News about the much-improved quality of the fan food in Portland began circulating among some sports reporters I know (Hi, Truehoop.com) during the 2013-14 season, when the arena’s executives changed hands and the team acquired a new sponsor in insurance company Moda Health, who beat out Nike and Adidas for the contract. (The locally based company was initially founded as a provider of dental insurance and called the Oregon Dental Society; imagine that as an arena name for a hot second.)

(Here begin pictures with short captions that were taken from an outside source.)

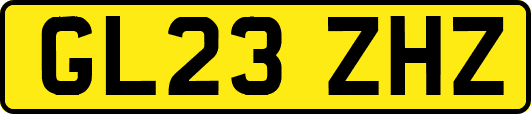 GL23ZHZ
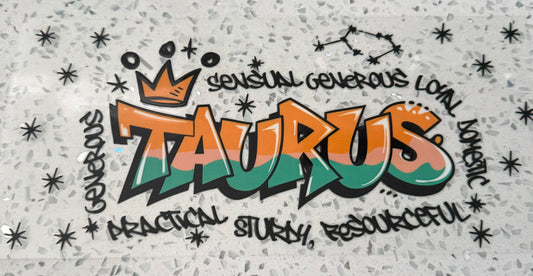 Taurus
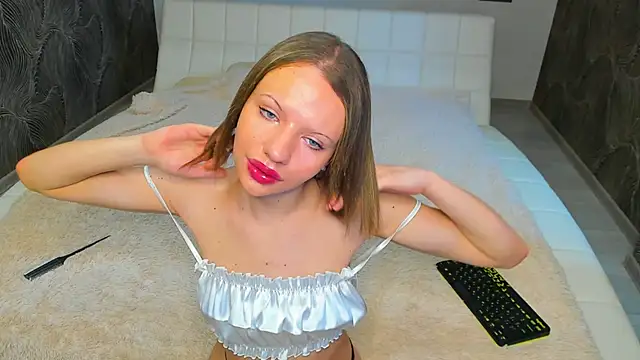 Keit princess online show from March 2026 06:31:02 AM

Ditching its partnership with Ovations Food Services (which runs concessions for the Philadelphia 76ers and the Central Florida Zoo, among other venues), Moda execs accepted the bid of the more upscale conglomerate Levy Restaurants, the Chicago-based concern that owns several high-end eating places including Wolfgang Puck Grand Café in Walt Disney World Resort, and also handles food vendors for NASCAR’s Charlotte Motor Speedway and Jay-Z’s Barclays Center in Brooklyn. In true Portlandia spirit, the new partnership brought along a directive: Moda’s execs are plugged into Portland’s local food culture, and they wanted to bring what they called “authentically Portland” flavors into the arena —with Portland being the land that started the nationwide food truck boom, produces some of the best craft beers in the world, and has just legalized marijuana. Why not raise the bar on the standard-issue, overpriced, and anemic hotdogs; Michelobs; and stale popcorn?

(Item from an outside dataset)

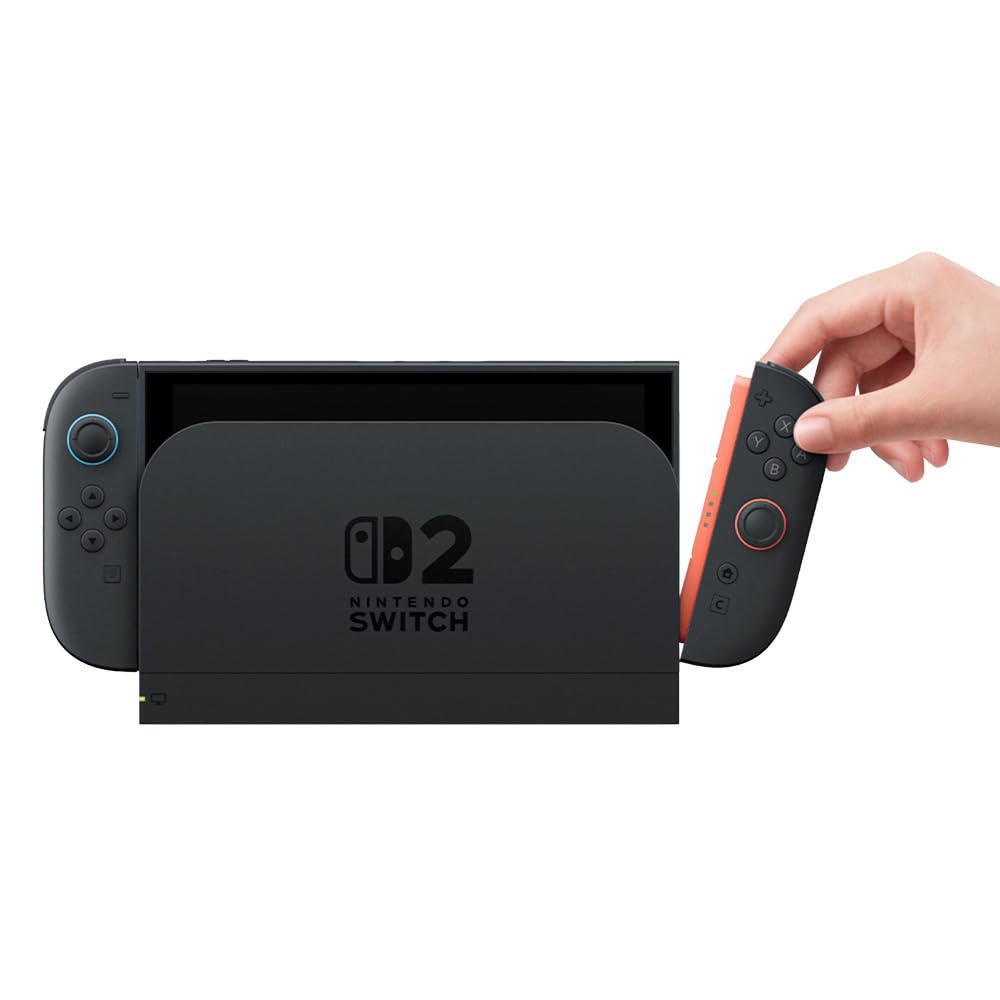 Nintendo, Bundle Console + Jogo Digital, Jogo Digital Pokémon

For an NBA franchise, the Blazers are about middle-age. The NBA was founded in 1946 when two existent leagues, the Basketball Association of America and the National League, combined forces; two teams from that era still play in the cities where they were founded (the Boston Celtics and the New York Knicks). The Blazers were born in 1970 and won their only national championship in 1977, and the most famous alums are Bill Walton and Clyde “The Glide” Drexler. Today’s hotshot is Damian Lillard, the fierce and super-fun-to-watch point guard. This year the team, which was supposed to finish last in its division, is in playoff contention — and who doesn’t love an overachiever’s story? Currently approaching postseason play, the joint is jumping. As you approach the Moda’s main entrance, on the right is a huge poster of Lillard letting you know whose house you’re about to walk into, and on the left is Dr. Jack’s, Moda’s proprietary sports bar that’s only open during its events — Blazers games, of course, but also things like Justin Bieber’s second concert of his new tour (which occurred the night after I was there to see the Blazers crush the Orlando Magic, but this article is not really about sports).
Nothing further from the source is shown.